Padraig Harrington will return for the Dubai Desert Classic Image Credit: Supplied

Team Europe Ryder Cup captain Padraig Harrington had quite a year in 2021, starting with an impressive sixth position at the Dubai Desert Classic at Emirates Golf Club in January, claiming a brilliant fourth at the PGA Championship in May, and taking eighth spot at the Aviv Dubai Championship on the Jumeirah Golf Estates’ Fire Course in November.

All at the grand old age of 50.

Not that the Irish veteran who famously won the Open Championship back-to-back in 2007 and 2008 is planning to slow down any time soon. Even a thumping by the United States Ryder Cup team at Whistling Straits could dampen his spirits and love of the game.

“I’m exceptionally motivated when it comes to playing the game,” Harrington told Gulf News in an exclusive chat ahead of the Dubai Desert Classic next week. I didn’t need any extra motivation from being Ryder Cup captain as I am always itching to play. I love my golf and I love to play. I’m fascinated by it and obsessed with it in many ways and don’t need an excuse.”

Harrington did admit that he is still on a learning curve, despite his age.

“I did learn from the Ryder Cup experience. What you say to the players you also hear back as you are saying the words and they apply to you also as golf is all about playing your own game. I was telling the players this and watching from the sidelines. That showed me it is all about your own game, the consistency and the little things that add up over 72 holes.”

The Irishman, who also claimed the US PGA title in 2008, is looking forward to getting back on the course after a winter break — and he can think of no better

place to get going again than Dubai.

“The Desert Swing and Dubai Desert Classic are very important to the whole golfing season,” he said. “If a player can get in contention or even win one of these early tournaments, it can give them the confidence they need for the season ahead. It sets them up for a great year.

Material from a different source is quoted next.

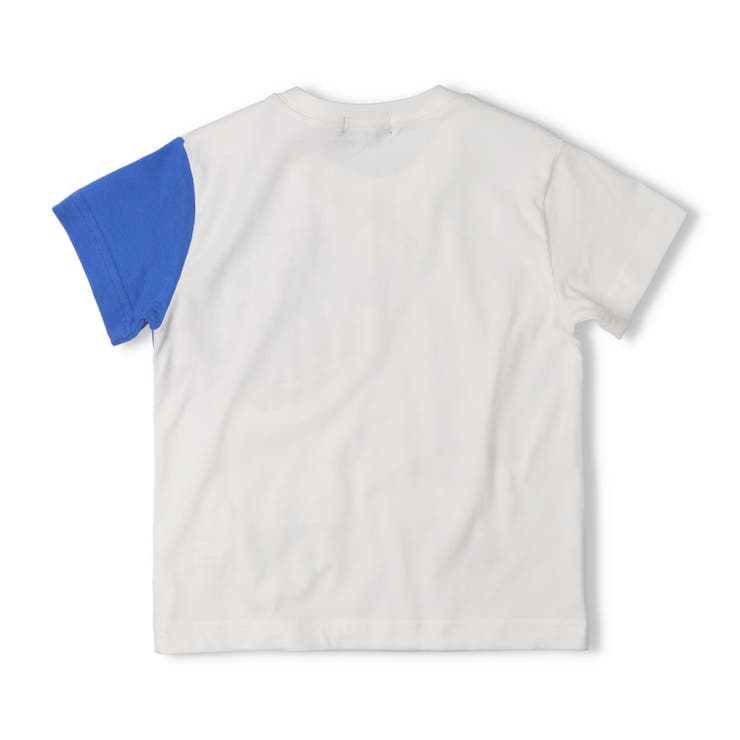 【WEB限定】ジンベイザメ半袖Ｔシャツ | こどもの森e-shop | 詳細画像2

“Secondly, coming out to the Middle East, you have these great facilities. I have played something like one week in Florida in the past 10 weeks. I am sitting in Ireland and have not been near a course. Heading to the Middle East, I hope things work out for me, but if they don’t there is nowhere better to work on my swing and any problems given the world-class facilities and academies to get you in shape for the rest of the year.

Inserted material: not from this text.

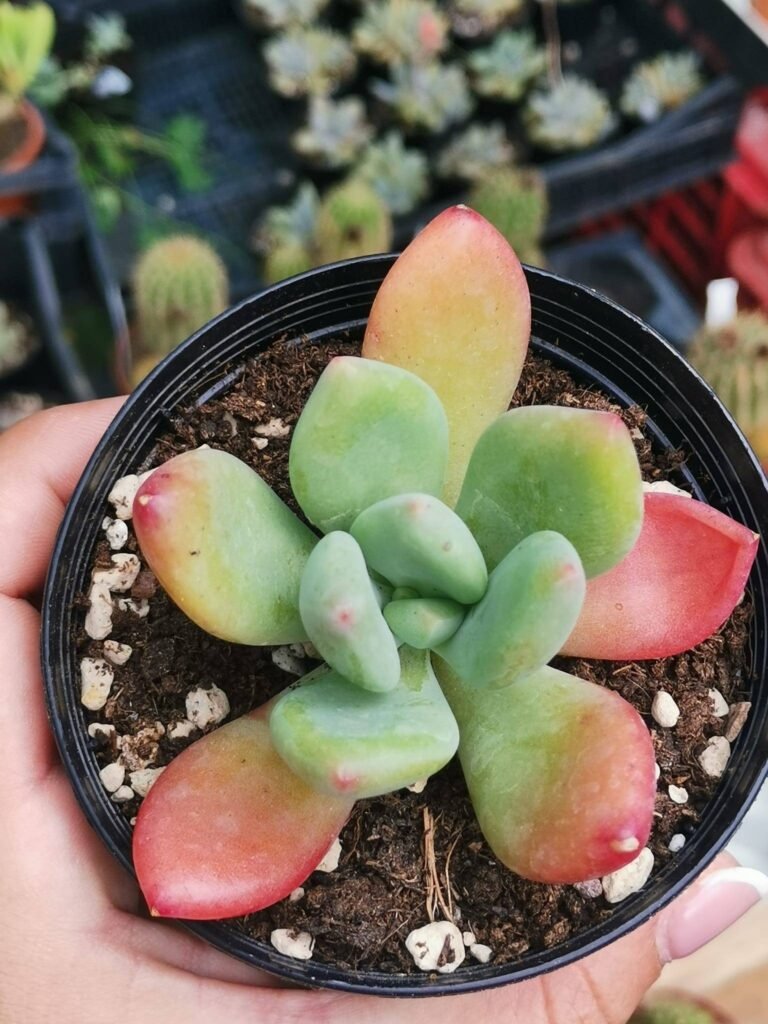 Siracactus-Succulente-Pachyveria-Dr-cornelius-2.jpg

“It is a win-win. Sure, you want to play well, but if you don’t, you know you are in the perfect place to sort it out. Everyone walks away from the Desert Swing feeling good about their game — they either played well or they got their problems sorted among the best surroundings and coaches in the world.

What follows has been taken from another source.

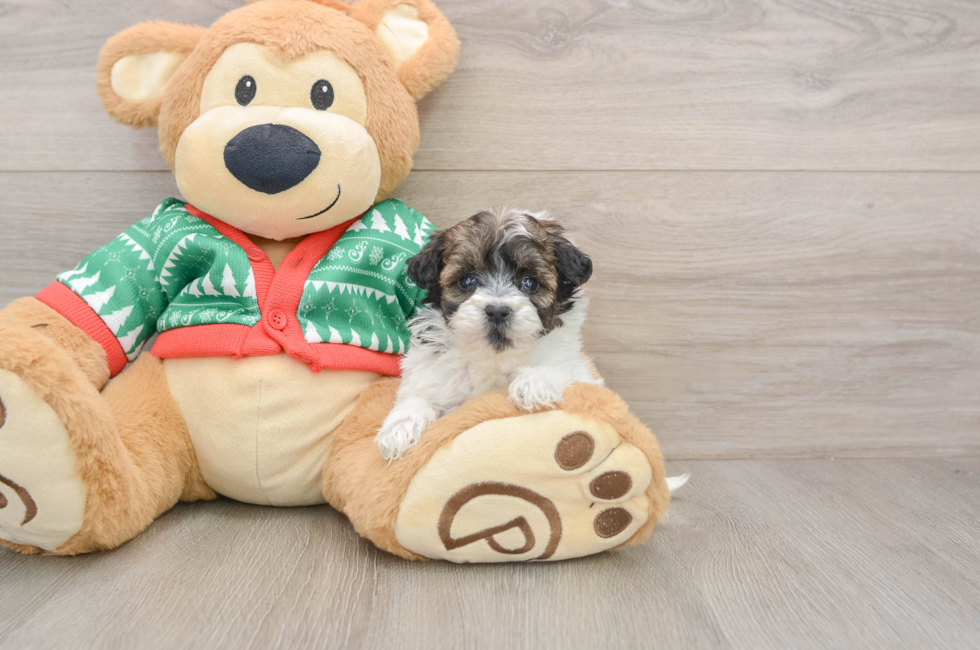 5 week old Havapoo Puppy For Sale - Florida Fur Babies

“I think everybody enjoys playing out in the UAE: Warm, windy weather; dry, fast courses in perfect conditions. What is not to enjoy in terms of golf? What’s not to enjoy in terms of sunshine, top hotels, restaurants and facilities. Plus it is easy to get to with direct flights from pretty much everywhere making it an ideal destination.”

Harrington will also hope to claim a first trophy out here as the Dubai Desert Classic follows the Abu Dhabi Desert Challenge and then comes the inaugural Ras Al Khaimah Championship.

“I was runner up to Thomas Bjorn alongside Tiger Woods at the DDC back in the day in 2001 and that is a special memory for me as that is the closest I have come to a title out in the Middle East,” he recalled.